How can I match nested brackets using regex?

2020-01-22 14:08发布

问题:

As the title says, here is an example input:

 (outer
   (center
     (inner)
     (inner)
   center)
 ouer)
 (outer
   (inner)
 ouer)
 (outer
 ouer)

Of course, the matched strings will be processed by recursion.

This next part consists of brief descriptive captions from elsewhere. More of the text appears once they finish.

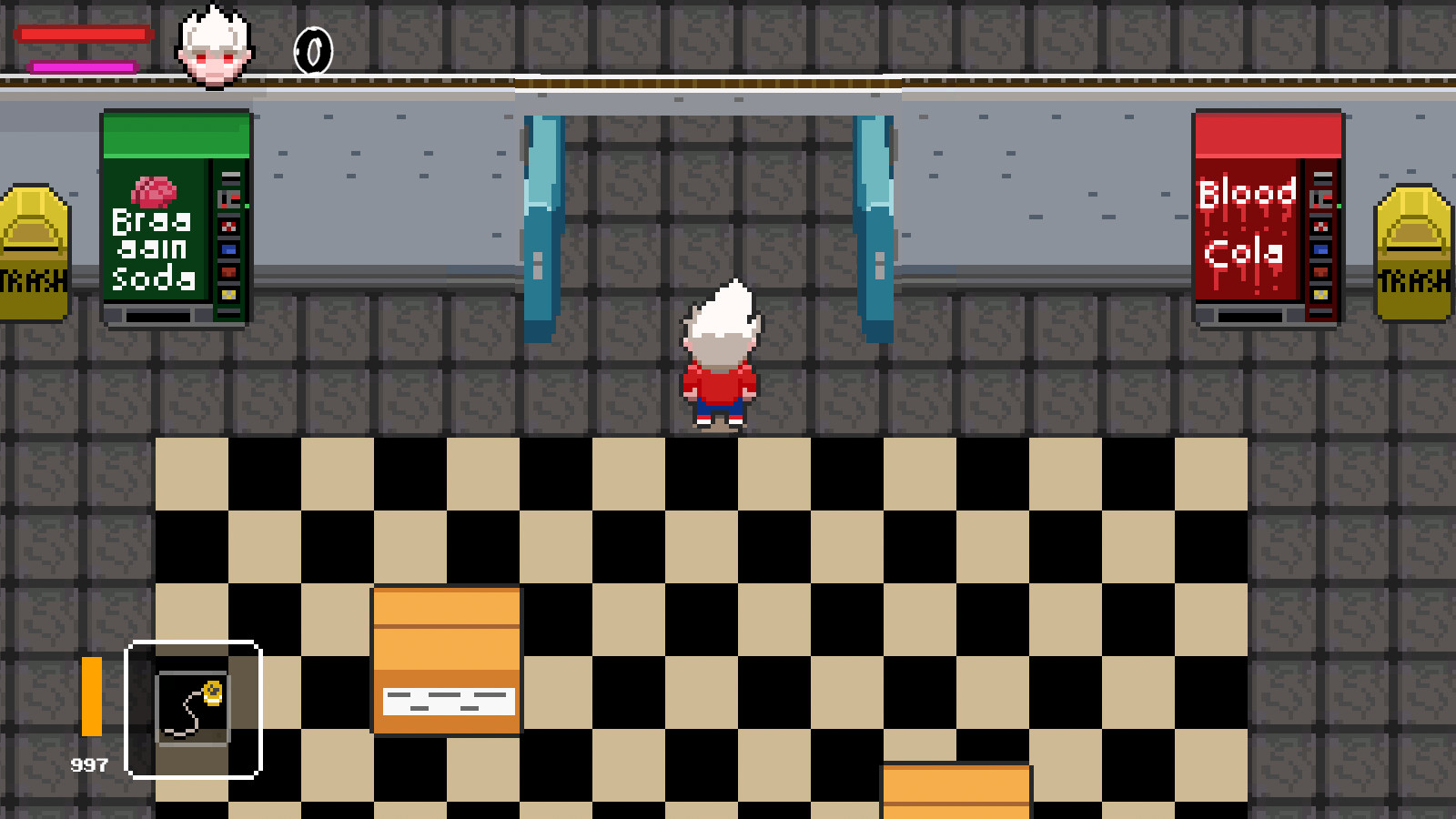 Humans Took my Neighbors Demo #2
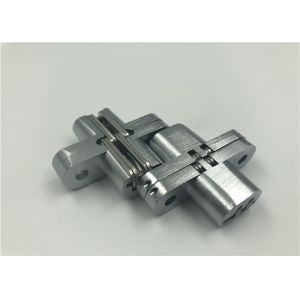 Complete Flush Look SOSS Hinge Hidden Door , Heavy Duty SOSS Hinges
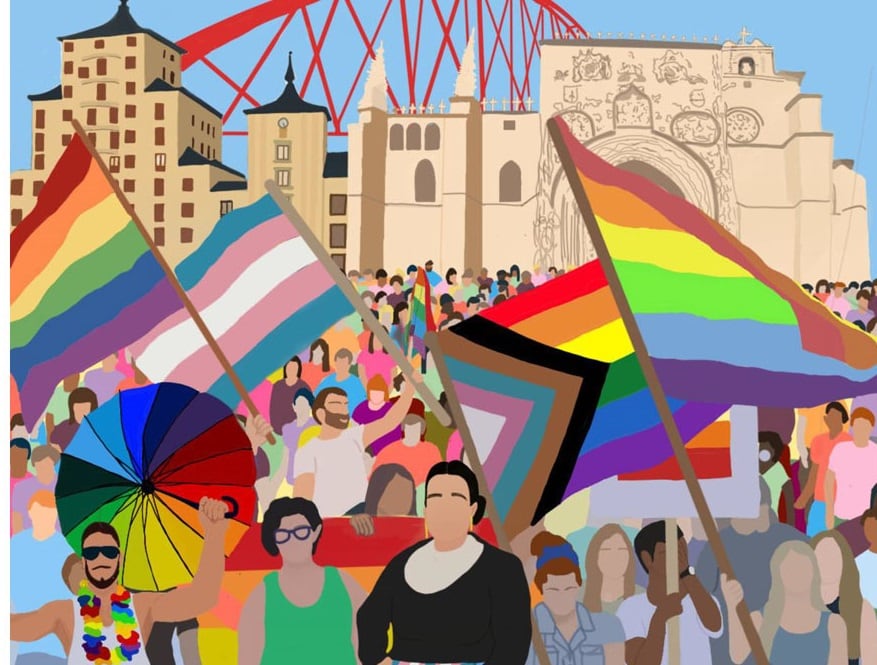 Imagen que ilustra el cartel que anuncia este evento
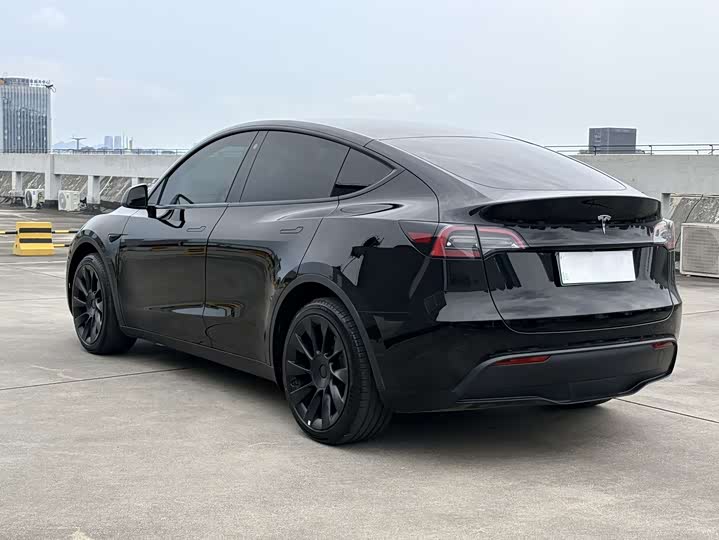 Tesla Model Y 2022 2022款 长续航全轮驱动版
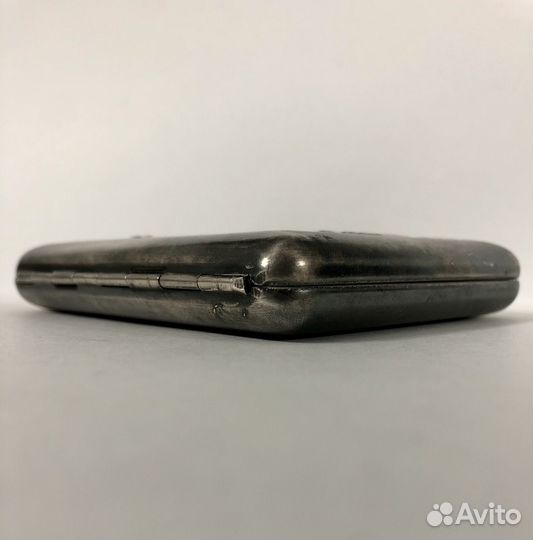 Портсигар времен СССР новый 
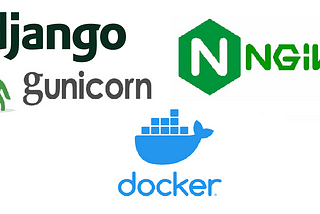 Django Gunicorn with Nginx in Docker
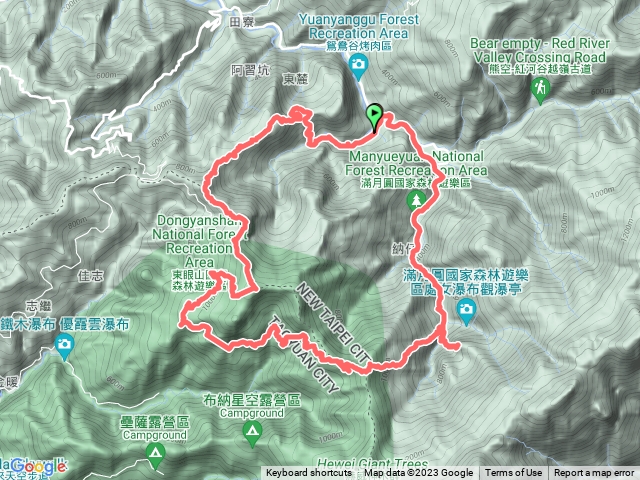 東滿O型之變態滿月山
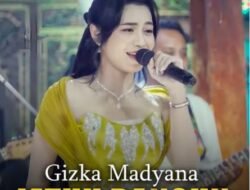 Gizka Madyana Sukses Guncang Panggung Musik Lewat Lagu “Jatuh Bangun” Bersama OM Adella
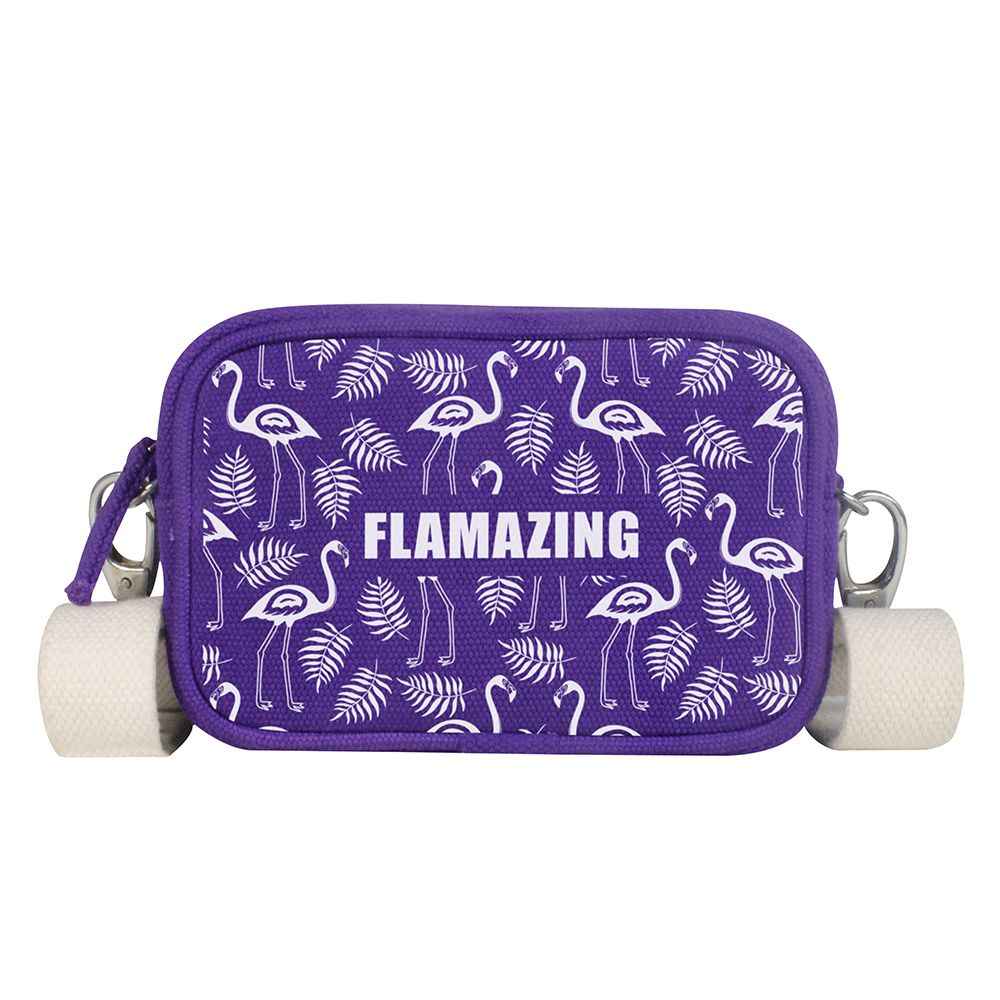Buy Colorbar Co-Earth Flamazing Crossbody - Deep Purple (300 gm) - Purplle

I want the first recursion to match:

 [
 (outer
   (center
     (inner)
     (inner)
   center)
 ouer),
 (outer
   (inner)
 ouer),
 (outer
 ouer)]

And the after processes is needless to say...

回答1:

Many regex implementations will not allow you to match an arbitrary amount of nesting. However, Perl, PHP and .NET support recursive patterns.

A demo in Perl:

#!/usr/bin/perl -w

my $text = '(outer
   (center
     (inner)
     (inner)
   center)
 ouer)
 (outer
   (inner)
 ouer)
 (outer
 ouer)';

while($text =~ /(\(([^()]|(?R))*\))/g) {
  print("----------\n$1\n");
}

which will print:

----------
(outer
   (center
     (inner)
     (inner)
   center)
 ouer)
----------
(outer
   (inner)
 ouer)
----------
(outer
 ouer)

Or, the PHP equivalent:

$text = '(outer
   (center
     (inner)
     (inner)
   center)
 ouer)
 (outer
   (inner)
 ouer)
 (outer
 ouer)';

preg_match_all('/(\(([^()]|(?R))*\))/', $text, $matches);

print_r($matches);

which produces:

Array
(
    [0] => Array
        (
            [0] => (outer
   (center
     (inner)
     (inner)
   center)
 ouer)
            [1] => (outer
   (inner)
 ouer)
            [2] => (outer
 ouer)
        )

...

An explanation:

(          # start group 1
  \(       #   match a literal '('
  (        #   group 2
    [^()]  #     any char other than '(' and ')'
    |      #     OR
    (?R)   #     recursively match the entir pattern
  )*       #   end group 2 and repeat zero or more times
  \)       #   match a literal ')'
)          # end group 1

EDIT

Note @Goozak's comment:

A better pattern might be \(((?>[^()]+)|(?R))*\) (from PHP:Recursive patterns). For my data, Bart's pattern was crashing PHP when it encountered a (long string) without nesting. This pattern went through all my data without problem.



回答2:

Don't use regex.

Instead, a simple recursive function will suffice:

def recursive_bracket_parser(s, i):
    while i < len(s):
        if s[i] == '(':
            i = recursive_bracket_parser(s, i+1)
        elif s[i] == ')':
            return i+1
        else:
            # process whatever is at s[i]
            i += 1
    return i


回答3:

I found this simple regex which extracts all nested balanced groups using recursion, although the resulting solution is not quite straightforward as you may expect:

Regex pattern: (1(?:\1??[^1]*?2))+

Sample input: 1ab1cd1ef2221ab1cd1ef222

For simplicity I put 1 for open and 2 for closed bracket. Alpha characters represent some inner data. I'll rewrite input so that it can be easy to explain.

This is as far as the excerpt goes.